[Image-caption web data]
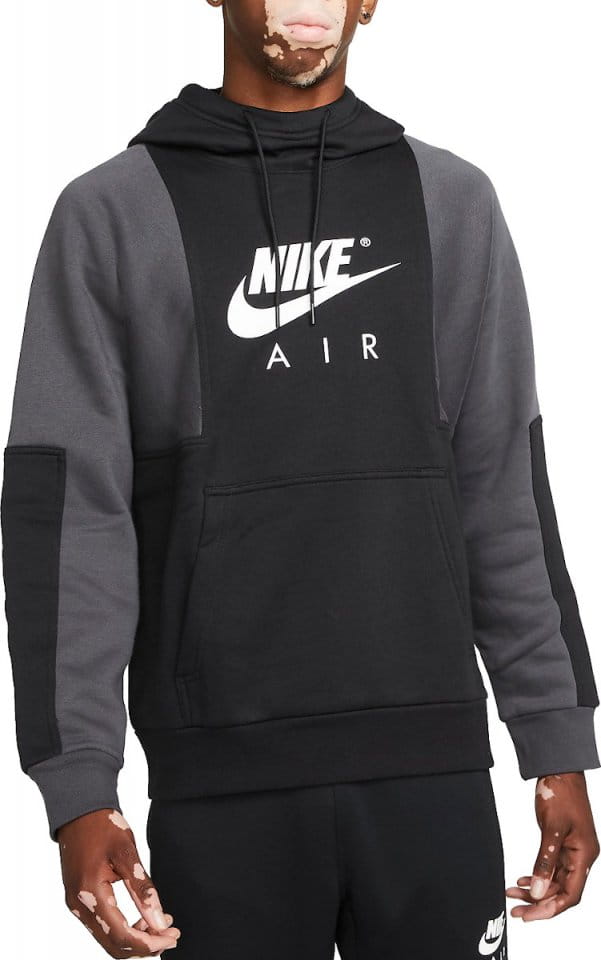 Sweatshirt à capuche Nike Air Men s Brushed-Back Fleece Hoodie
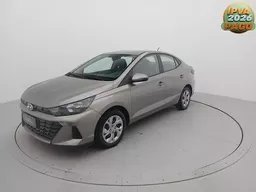 Hyundai HB20S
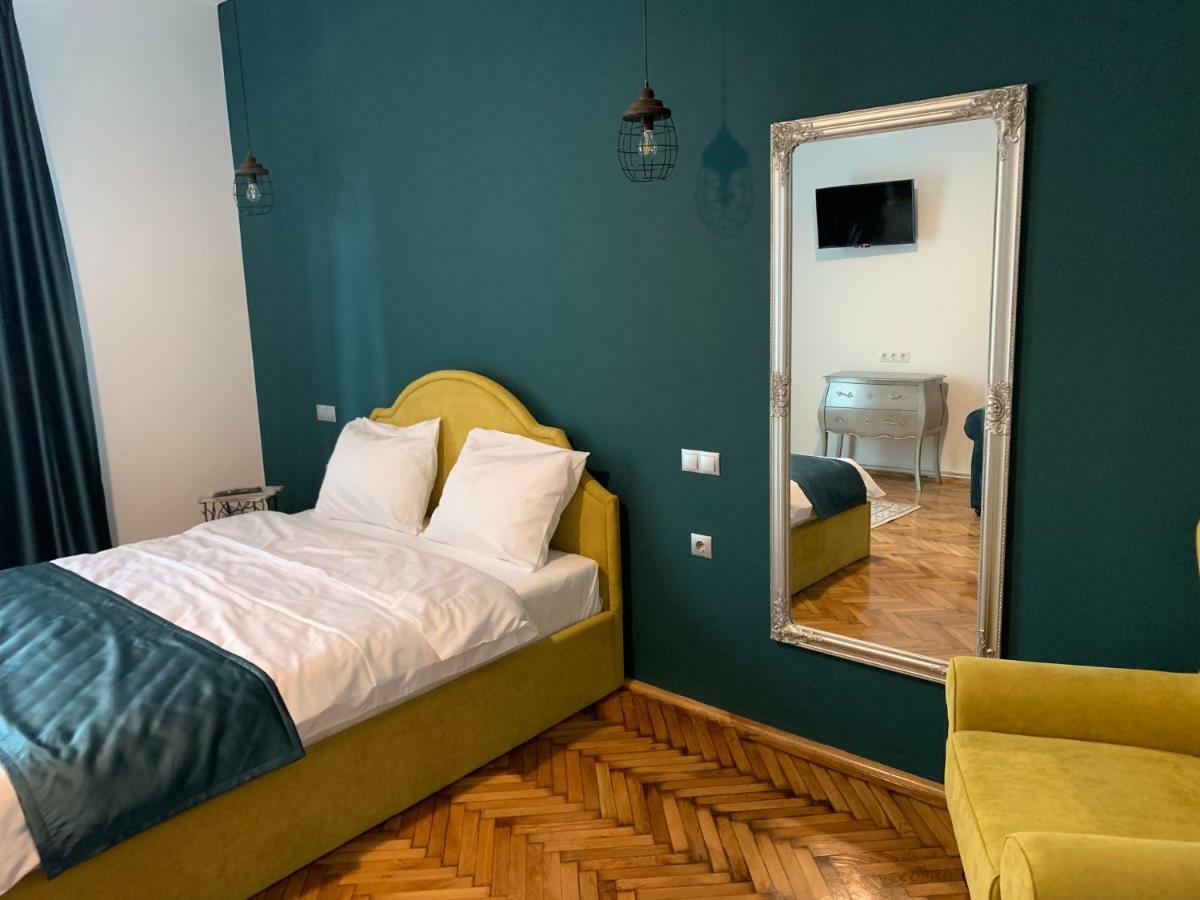 סיביו 1790 Margarethengasse Guesthouse מראה חיצוני תמונה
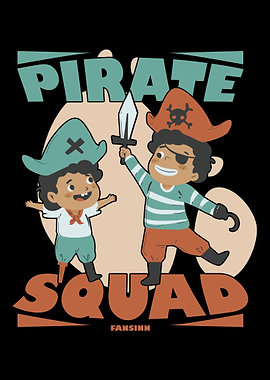 Pirate Squad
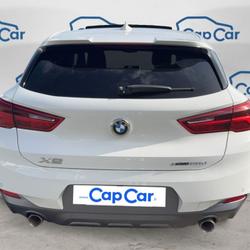BMW X2 xDrive 20D 190 BVA M Sport Laval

* _EXERCISE_:
Which lines run from the one that holds "Hyundai HB20S" to the final line of the records above? Return them exactly, and skip the pictures.

* _ANSWER TO THIS TASK_:
 Hyundai HB20S
 סיביו 1790 Margarethengasse Guesthouse מראה חיצוני תמונה
 Pirate Squad
BMW X2 xDrive 20D 190 BVA M Sport Laval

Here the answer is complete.